In this section, the influence of equilibrium temperature on the stress characteristics of PFS in the ESOP is analyzed at the MR temperature T_LMR = 150 K and fluid pressure P_HMR = 4.1 MPa, P_LMR = 0.4 MPa. Figure 7 is the relationship between the maximum equivalent stress and the operation time at different equilibrium temperature for temperature difference ΔT = 10 K, the operation time τ = 120 min, equilibrium pressure P_b = 1.0 MPa and heat transfer coefficient h_HMR = 1500 W/(m² K), h_LMR = 1000 W/(m² K). It can be obtained that the maximum equivalent stress increases as the operation time increases. The higher equilibrium temperature is, the faster maximum equivalent stress increases. The structural failure of PFS may be occurred when the equilibrium temperature is more than 240 K in the ESOP (The yield strength of PFS is about 142 MPa).
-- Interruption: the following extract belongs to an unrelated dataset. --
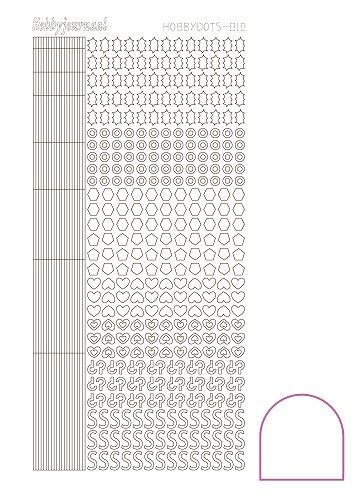 Hobbydots stickervel 010 - White (Adhesive)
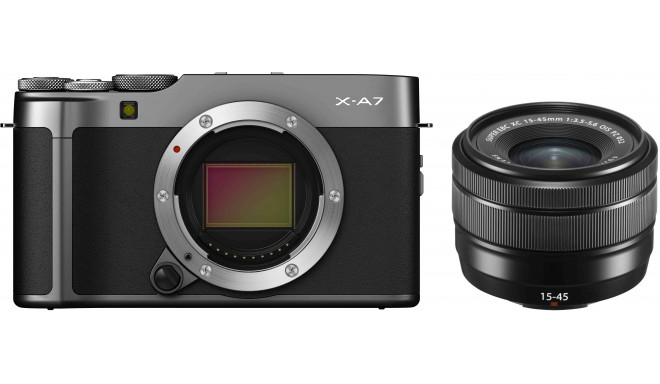Fujifilm X-A7 + 15-45 мм Kit, темно-серый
The maximum equivalent stress of PFS is higher at the stage of stop operation than that at the ESOP. Therefore, the influence of equilibrium temperature is apparent for the structural failure of PFS. For relieving the stress failure of PFS, the equilibrium temperature should be strictly restricted in the ESOP.

Fig. 7

The relationship between the maximum equivalent stress and operation time at different T_b.

In order to further investigate the relationship between stress of PFS and ESOP at the different equilibrium temperature, the stress distribution at different equilibrium temperature is also given in region 2. Figures 8 and 9 are the distribution of equivalent stress and stress along different directions in region 2, respectively. It is described at different equilibrium temperature when the operation time is 120 min in the ESOP. The results from Figure 8 show that equivalent stress of PFS is apparently influenced by the equilibrium temperature and will reach the maximum value at the brazing joint near plate. Namely, the structural failure of PFS induced by the equivalent stress may be occurred at the brazing joint near plate. According to Figure 9, the direct stresses along x and z directions at the brazing joint near plate are apparently affected by the equilibrium temperature. At the brazing joint near fin, the direct stress along y direction is also apparently affected by that. Therefore, in the ESOP, the influence of equilibrium temperature for the structural failure of PFS should be induced by the direct stresses along x and z directions.

Fig. 8

The equivalent stress along path 3 in region 2 at different T_b.

Fig. 9

The stress along path 3 in region 2 at different T_b. (a) The direct stress along x direction. (b) The direct stress along y direction. (c) The direct stress along z direction. (d) The shear stress on x-y plane.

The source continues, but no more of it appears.